In particular, the opinion stresses that global physical grain trade is highly concentrated. Four companies control an estimated 70-90 per cent of global grain trade. "While increasing food prices threaten food security globally, large trading firms are profiting. This is unacceptable!'', he said

The EESC urges Member States and EU institutions to take the necessary steps to curb excessive commodity speculation, while recognising that commodity derivative markets fulfil key services to the producers and users of food commodities, namely risk management and price discovery.

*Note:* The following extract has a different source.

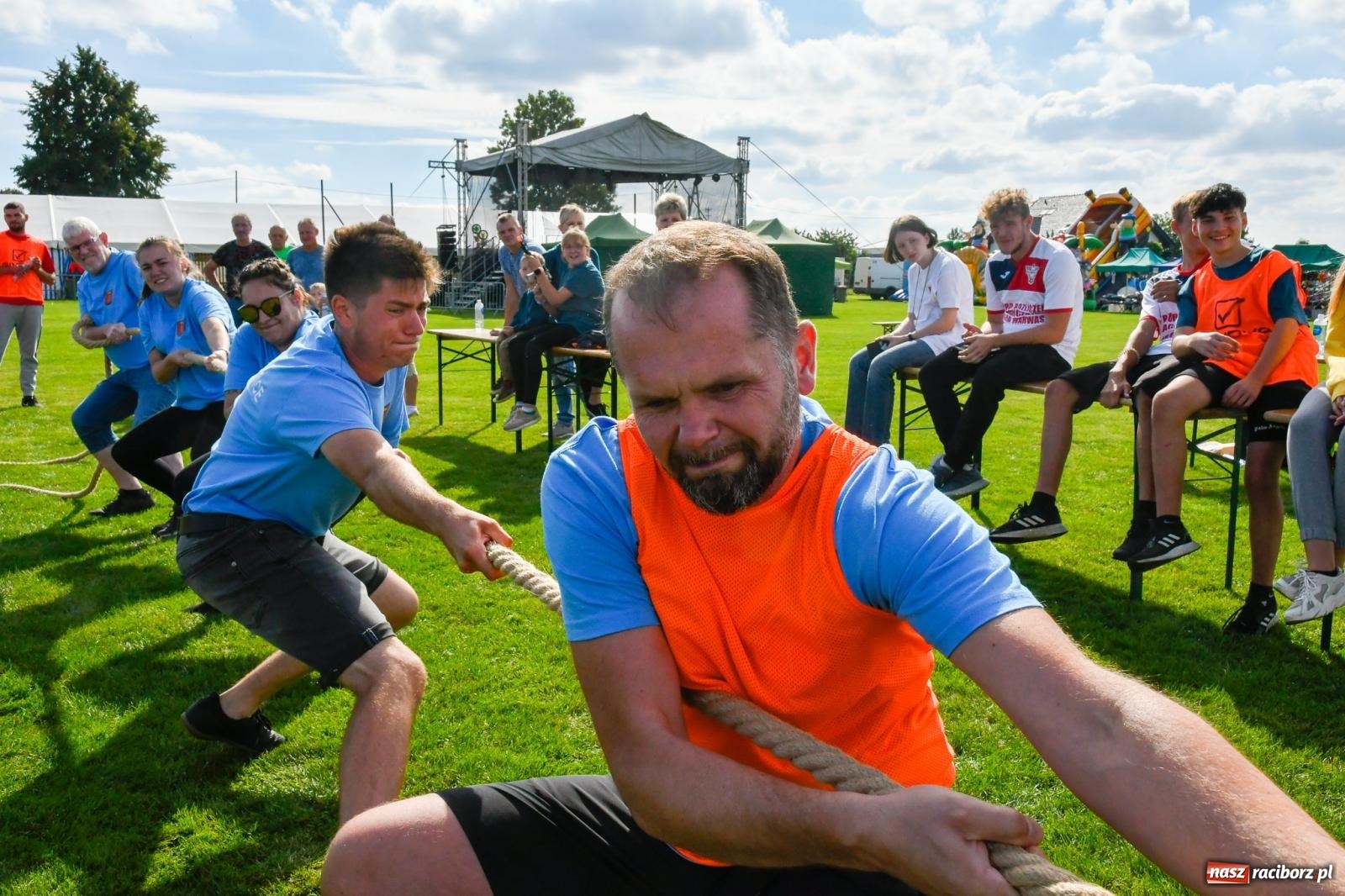 Zdjęcie w galerii na portalu naszraciborz.pl: W Borucinie nikt się nie oszczędzał. Polsko-czeski turniej sołectw [FOTO i WIDEO] wiadomości z regionu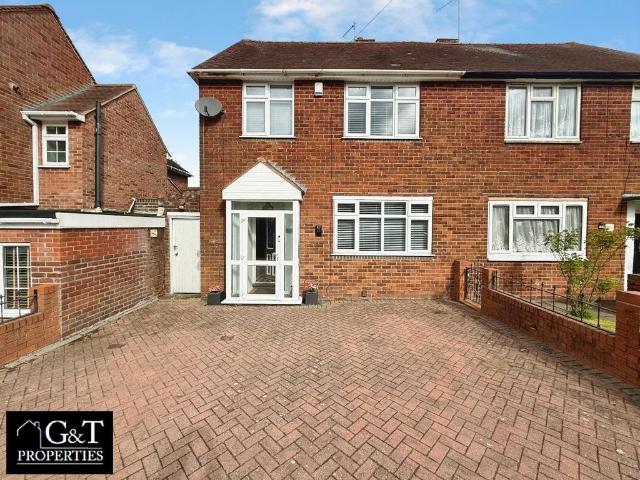 House for sale in Kingswinford, West Midlands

In particular, the EESC recommends:

  • Regulating the futures market for food derivatives, as was the case for several decades until the end of the last century, which preserves the function of futures for hedging.
  • Regulating indexes (commodities indexes and food indexes), in particular by regulating and banning commodity index funds and replication via swaps and exchange traded products, as this maximises the link between energy and food markets.
  • Addressing the financialisation of the food sector as massive money-making off the backs of people, e.g. by introducing a global windfall taxation on excess profits before dividends of trade and financing corporations and a food speculation tax to curb high frequency trading, as well as breaking oligopolies at all levels of the international food trade chain and financial interests.
  • Enhancing market transparency, in particular by improving environmental, social and governance (ESG) reporting and non-financial disclosure of actors involved in speculation.

"There is no food scarcity. Due to the conflict, there is indeed a temporary shortage and a serious disruption in the food supply chain. But the main problem is distribution!", concluded the rapporteur.